ALS Associated Mutations in Matrin 3 Alter Protein-Protein Interactions and Impede mRNA Nuclear Export

Abstract

Mutations in Matrin 3 have recently been linked to ALS, though the mechanism that induces disease in these patients is unknown. To define the protein interactome of wild-type and ALS-linked MATR3 mutations, we performed immunoprecipitation followed by mass spectrometry using NSC-34 cells expressing human wild-type or mutant Matrin 3. Gene ontology analysis identified a novel role for Matrin 3 in mRNA transport centered on proteins in the TRanscription and EXport (TREX) complex, known to function in mRNA biogenesis and nuclear export. ALS-linked mutations in Matrin 3 led to its re-distribution within the nucleus, decreased co-localization with endogenous Matrin 3 and increased co-localization with specific TREX components. Expression of disease-causing Matrin 3 mutations led to nuclear mRNA export defects of both global mRNA and more specifically the mRNA of TDP-43 and FUS. Our findings identify a potential pathogenic mechanism attributable to MATR3 mutations and further link cellular transport defects to ALS.

Figure 1

Matrin 3 cell culture model and IP-MS workflow. (a) Domain structure of Matrin 3 including location of mutants studied in this work listed below the protein as well as other recently identified mutations shown above. (b) Representative immunofluorescence images of NSC-34 cells stably expressing Flag tagged wild-type Matrin 3 or one of S85C, F115C, P154S or T622A Matrin 3 mutants.
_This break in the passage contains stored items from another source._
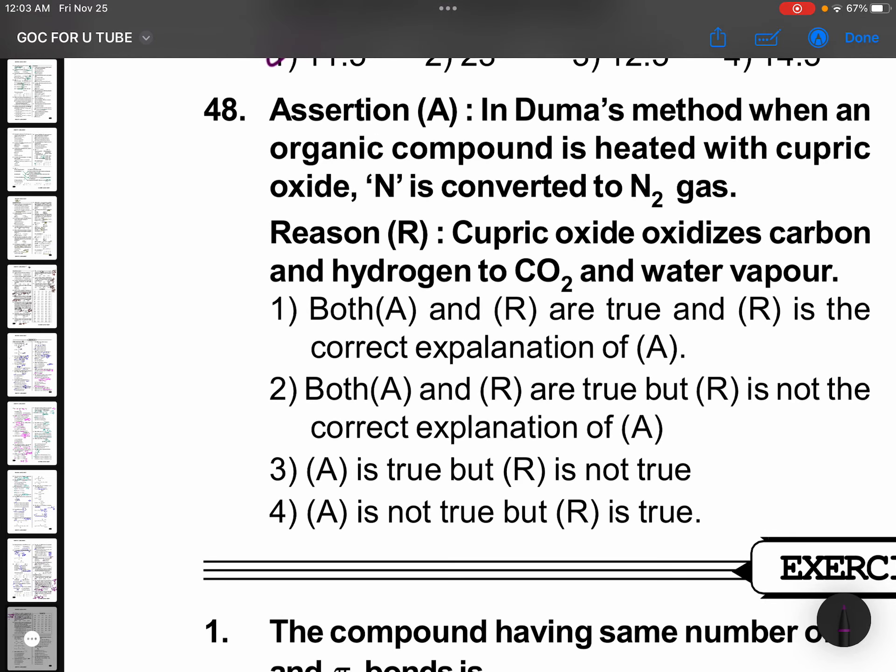Assertion: In Dumas method, when an organic compound is heated with cupric oxide, nitrogen in the compound is converted to N2 gas. The cupric oxide oxidizes carbon and hydrogen as well. The assertion is correct.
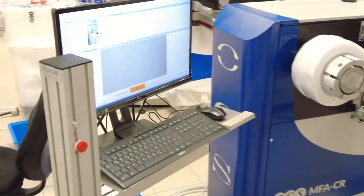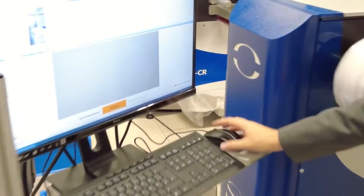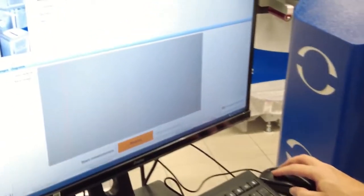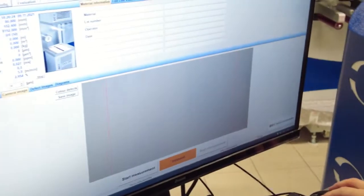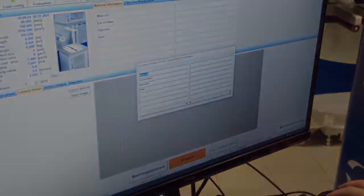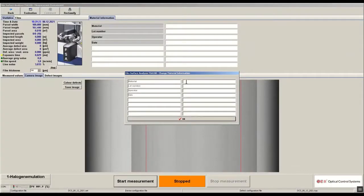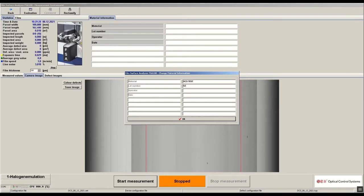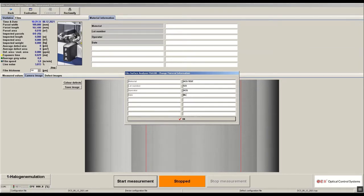Our main focus today is on the FSA 100 software. I would like to swap over to the measurement screen. The material information field will allow you to type in information about the material, the lot number, the operator as well as the date, but all information in the material information field is freely editable.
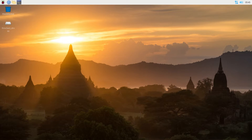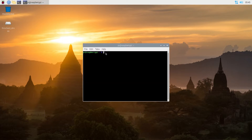First thing you need to do, press on the terminal window. This window is gonna appear, and right here we need to type: sudo apt-get install vokoscreen, and then press enter.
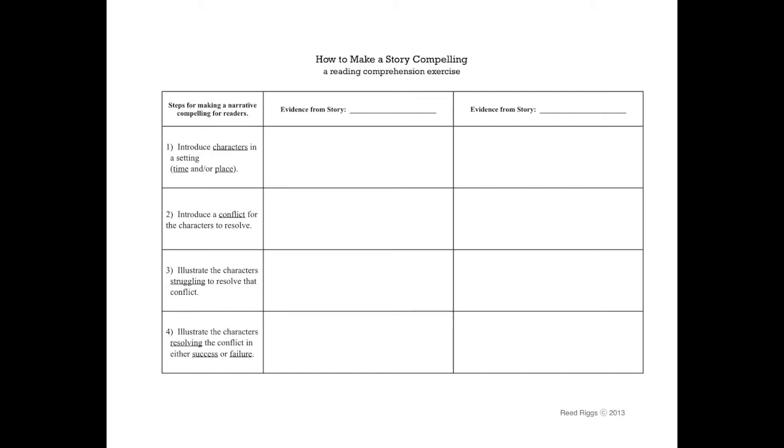They have to push to make the ending. So, struggling to resolve the conflict. And then, fourth step. Illustrate the characters resolving the conflict in either success or failure. They can fail. It's okay. But it needs to end. Your story has to have an ending.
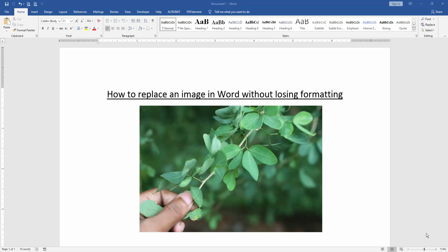Assalamualaikum, hello friends, how are you? Welcome back to our new video. In this video I am going to show you how to replace an image in Word without losing formatting. Let's get started.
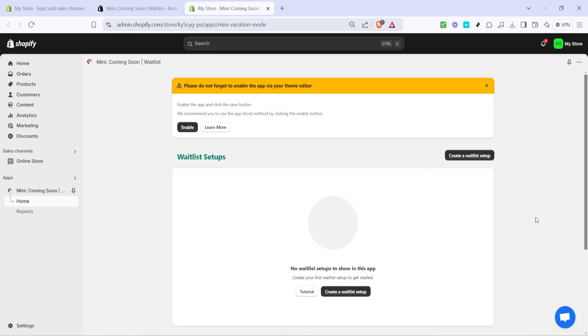Just follow the steps provided by the app to customize your waitlist experience. This might include opting for email notifications, tweaking the design, or setting up specific product categories to monitor.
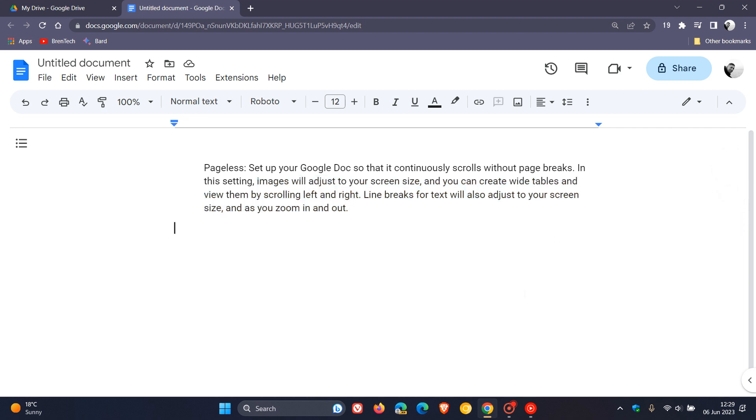So that's just a quick overview of the Pageless View available in Google Docs, in case you're unaware. As mentioned, just filling out your workspace and giving you a bit more of an open canvas and a distraction-free Google document to work in.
Cells transfected with empty vector are also shown denoting endogenous levels and localization of Matrin 3. Flag expression is shown in red, Matrin 3 in green, DAPI marking nucleus in blue. (c) Western blot of whole cell lysates probed with antibodies against Flag (top) and Matrin 3 (bottom) showing expression levels of endogenous Matrin 3 and Flag tagged Matrin 3 in NSC-34 stable cells lines and quantitation. Error bars represent standard error of the mean (SEM) of three experiments. One way Analysis of Variance (ANOVA) with Dunnett’s post-test showed no significant differences between level of expression of wild-type and any of the four mutations (Flag p-values: WT vs 85: p = 0.8163, WT vs 115: p = 0.4753, WT vs 154 p = 0.0619, WT vs 622 p = 0.0715, F-value: 8.671, DF = 14, Matrin 3 p-values: WT vs 85: p = 0.9957, WT vs 115: p = 0.9722, WT vs 154 p = 0.9998, WT vs 622 p = 0.7550, F-value: 2.716, DF = 17). Full length blots are presented in Supplementary Figure 7. (d) Flow chart of IP-MS sample preparation and analysis protocols.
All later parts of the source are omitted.